ECE Energy & Information Systems Seminar

 

Fall 2019


Thur, Sept 12th 2019, 1:30 PM, Venue: Panther Hollow, CIC (4101)
Vijay Subramanian, University of Michigan

Title: Social Learning with Questions

Abstract: This work studies sequential social learning (also known as Bayesian observational learning), and how private communication can enable agents to avoid herding to the wrong action/state. Starting from the seminal BHW (Bikhchandani, Hirshleifer, and Welch, 1992) model where asymptotic learning does not occur, we allow agents to ask private and finite questions to a bounded subset of their predecessors. While retaining the publicly observed history of the agents and their Bayes rationality from the BHW model, we further assume that both the ability to ask questions and the questions themselves are common knowledge. Then interpreting asking questions as partitioning information sets, we study whether asymptotic learning can be achieved with finite capacity questions. Restricting our attention to the network where every agent is only allowed to query her immediate predecessor, an explicit construction shows that a 1-bit question from each agent is enough to enable asymptotic learning.
Joint work with Shih-Tang Su and Grant Schoenebeck, Univ. of Michigan.

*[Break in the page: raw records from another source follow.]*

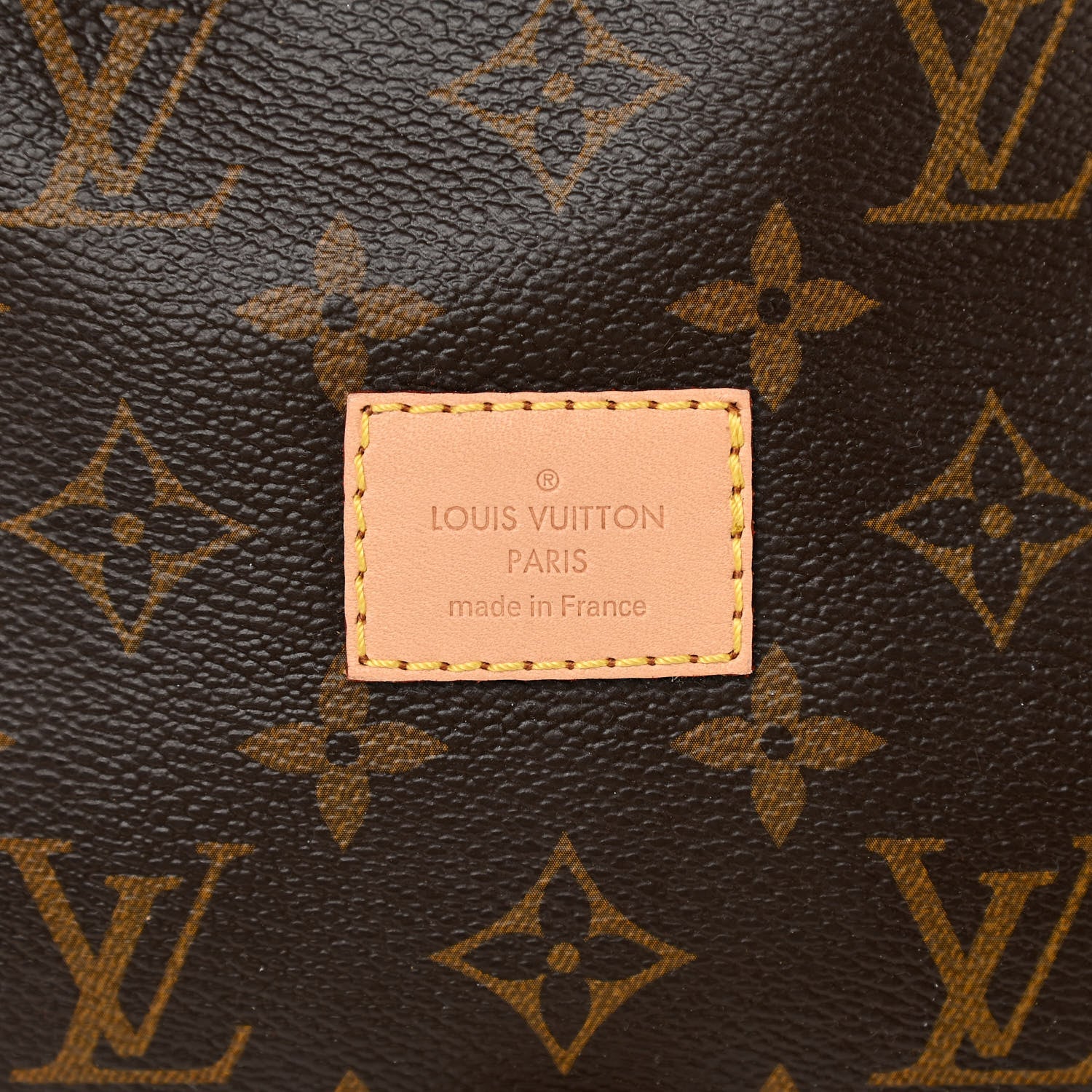 Louis Vuitton Monogram Saumur MM 7 of 10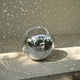 TheDisplayOutlet Mirror Disco Ball with Hanging Ring, 12in Silver Image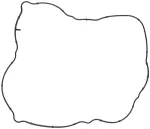 B31859 - : Engine Crankcase Vent Valve Seal for Mahle Image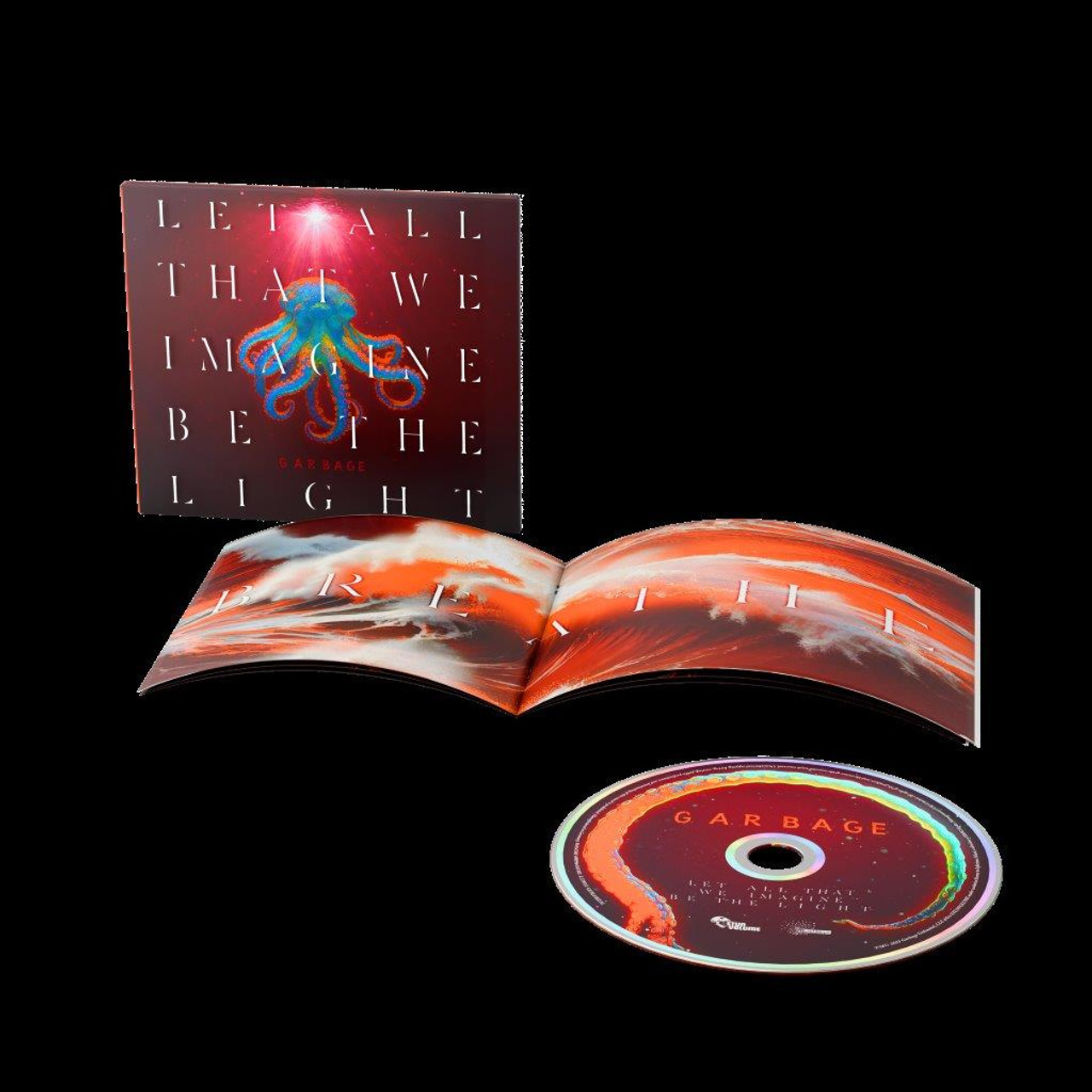 Garbage 'Let All That We Imagine Be The Light' CD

Bio: Vijay Subramanian is an Associate Professor in the EECS Department at the University of Michigan since 2014. After graduating with his Ph.D. from UIUC in 1999, he did a few stints in industry, research institutes and universities in the US and Europe before his current position . His main research interests are in stochastic modeling, communications, information theory and applied mathematics. A large portion of his past work has been on probabilistic analysis of communication networks, especially analysis of scheduling and routing algorithms. In the past he has also done some work with applications in immunology and coding of stochastic processes. His current research interests are on game theoretic and economic modeling of socio-technological systems and networks, and the analysis of associated stochastic processes.